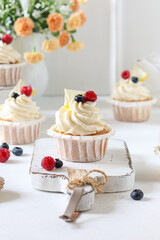 Lemon cupcakes with berries on the white wooden background.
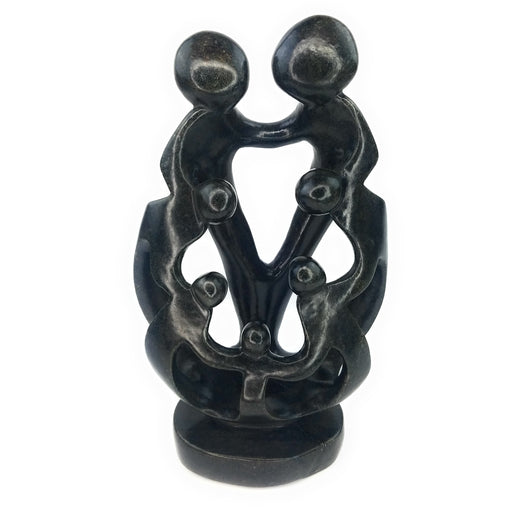 A hand-carved stone sculpture depicting a family of seven, with a mother, father, and five children, in black.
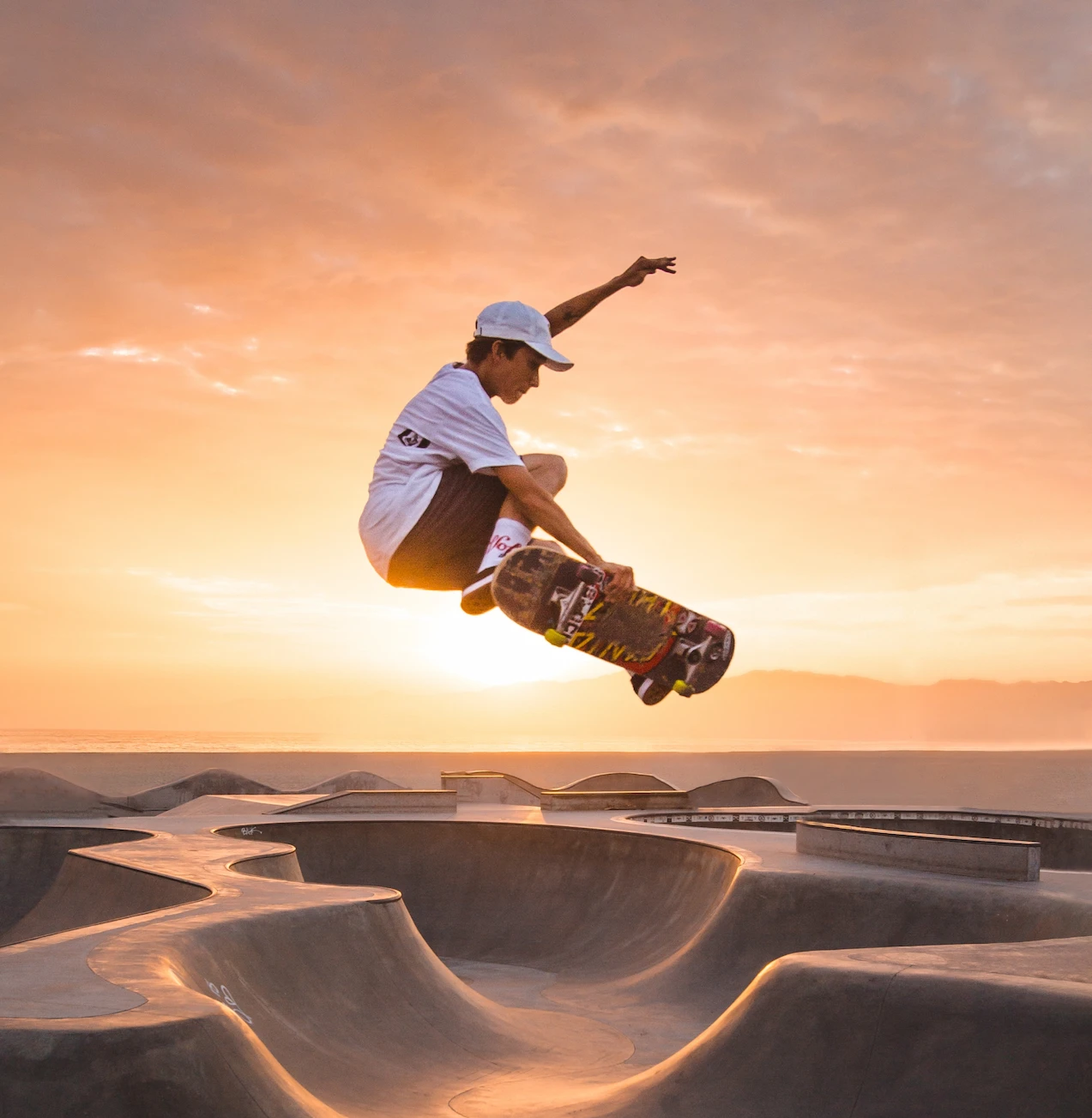 man on a skateboard skating above skatepark by the sunset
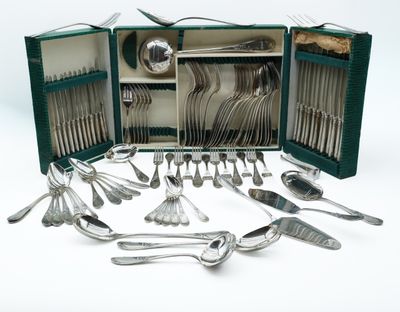 many spoons and forks in a green case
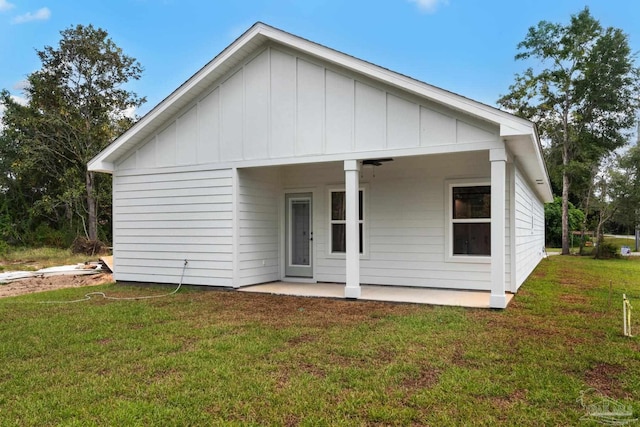 rear view of property featuring a lawn and board and batten siding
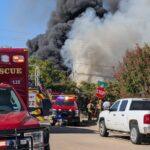 Massive Dallas Grass Fire Engulfs Home and Tires, Creating Dense Smoke Plume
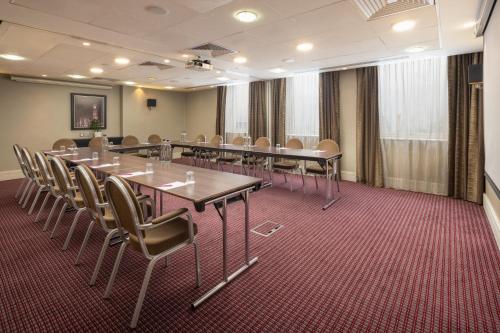 a conference room with a long table and chairs at Crowne Plaza London Ealing by IHG in London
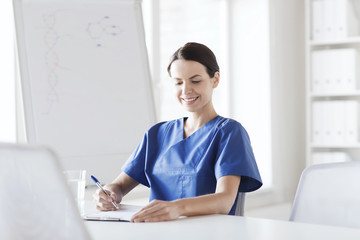 happy female doctor or nurse writing to clipboard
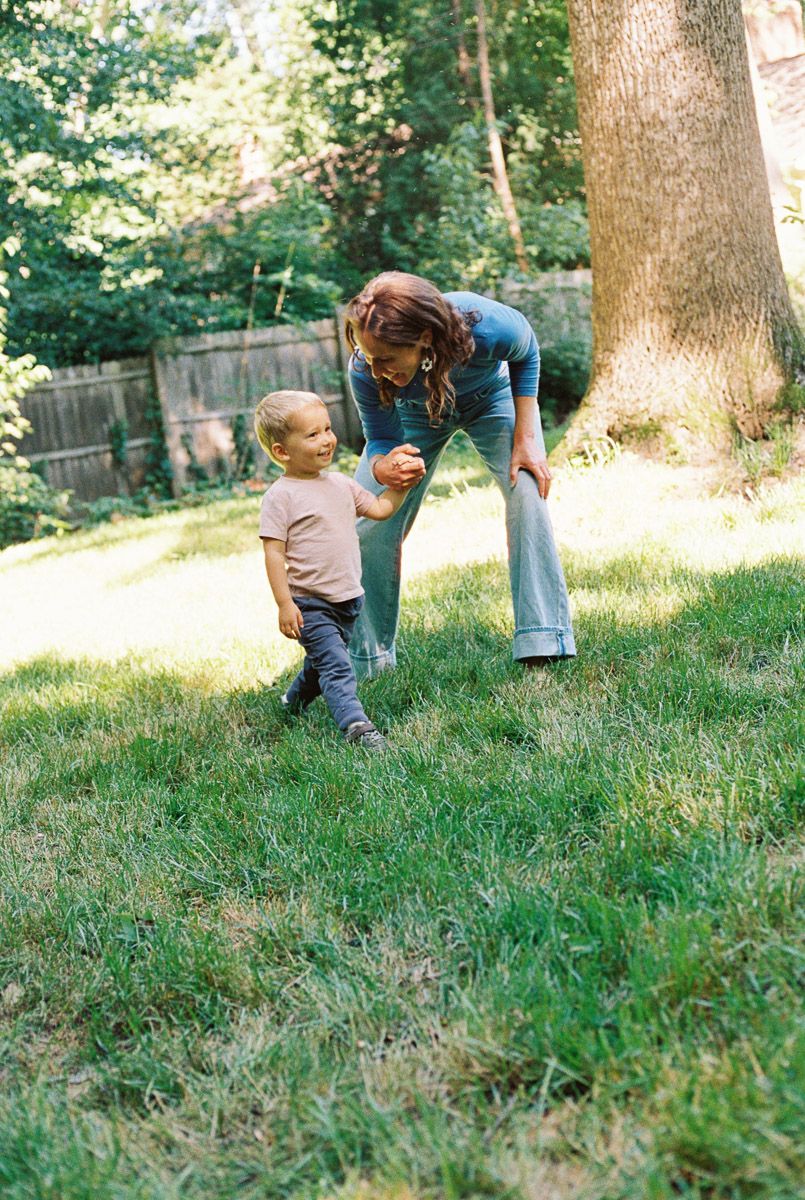 Woman bending down to interact with a toddler boy on a sunny green lawn in a backyard setting.
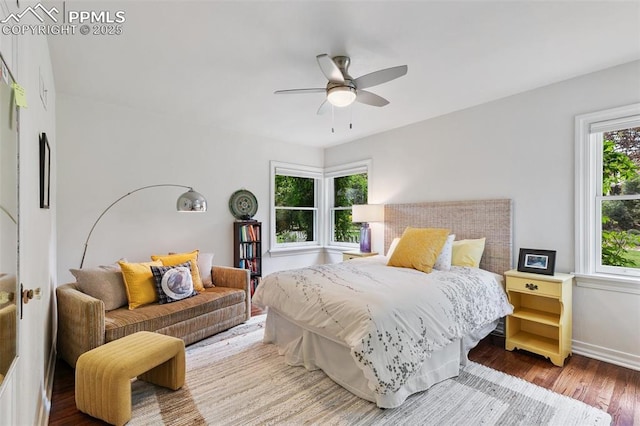 6 3rd St, Colorado Springs, CO 80906 - bedroom featuring wood finished floors, baseboards, and ceiling fan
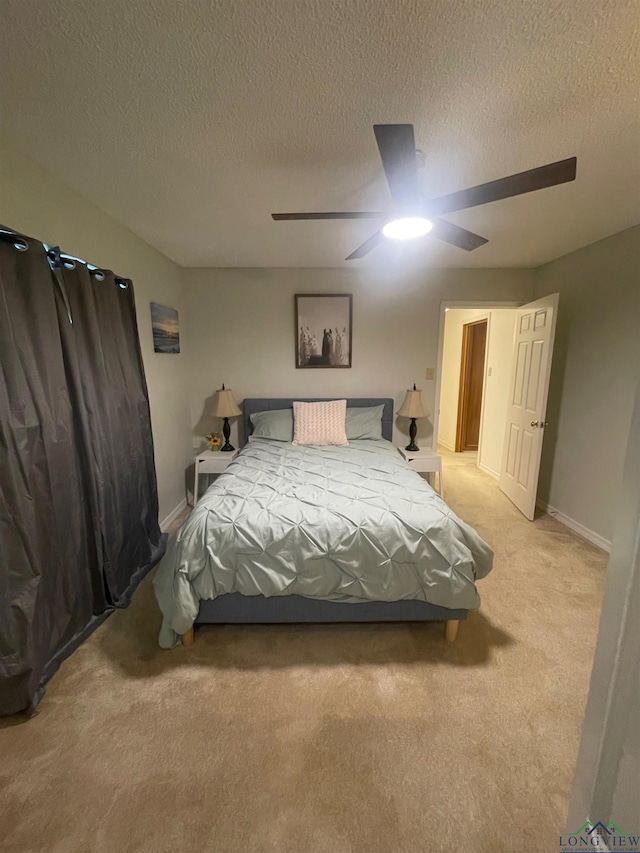 bedroom with ceiling fan, light colored carpet, and a textured ceiling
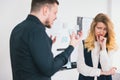 Man manager got mad at his colleague woman for mistakes in documents preparation before important deal standing in modern bright
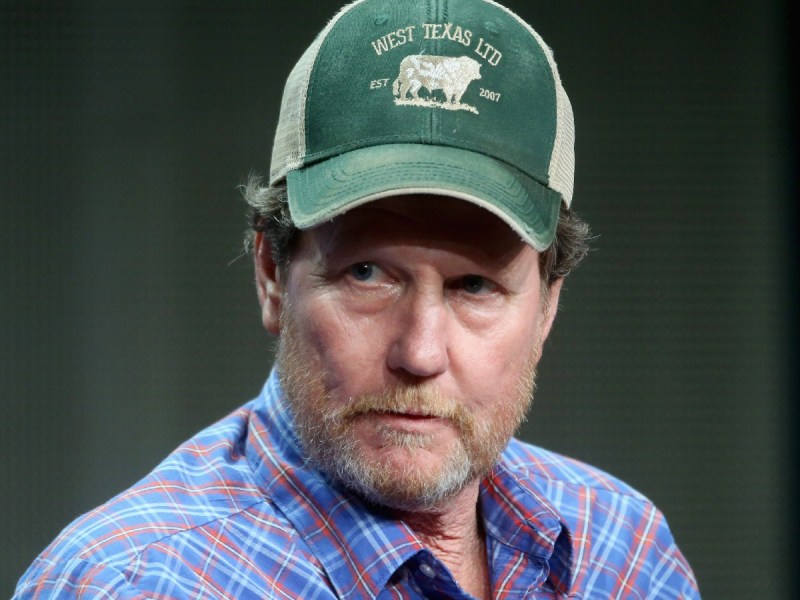 Rooster McConaughey in plaid top and green baseball cap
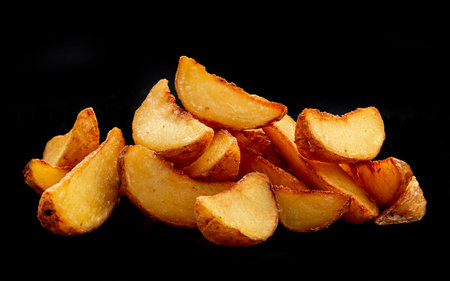 Pile of french fries over black background. Photo for the menuの写真素材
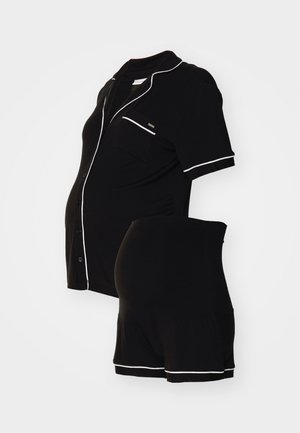 Schwarze Mutterschaftsschlafanzüge mit kurzen Ärmeln, ausgestattet mit weißen Paspeldetails. Enthält ein kurzärmliges Hemd und verstellbare Shorts. Hergestellt aus weichem Material.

==================================================

**Work instructions**:
The entries must be repeated exactly. Leave the images out.

**Finished exercise**:
 Lemon cupcakes with berries on the white wooden background.
 A hand-carved stone sculpture depicting a family of seven, with a mother, father, and five children, in black.
 man on a skateboard skating above skatepark by the sunset
 many spoons and forks in a green case
 rear view of property featuring a lawn and board and batten siding
 Massive Dallas Grass Fire Engulfs Home and Tires, Creating Dense Smoke Plume
 a conference room with a long table and chairs at Crowne Plaza London Ealing by IHG in London
 happy female doctor or nurse writing to clipboard
 Woman bending down to interact with a toddler boy on a sunny green lawn in a backyard setting.
 6 3rd St, Colorado Springs, CO 80906 - bedroom featuring wood finished floors, baseboards, and ceiling fan
 bedroom with ceiling fan, light colored carpet, and a textured ceiling
 Man manager got mad at his colleague woman for mistakes in documents preparation before important deal standing in modern bright
 Rooster McConaughey in plaid top and green baseball cap
 Pile of french fries over black background. Photo for the menuの写真素材
 Schwarze Mutterschaftsschlafanzüge mit kurzen Ärmeln, ausgestattet mit weißen Paspeldetails. Enthält ein kurzärmliges Hemd und verstellbare Shorts. Hergestellt aus weichem Material.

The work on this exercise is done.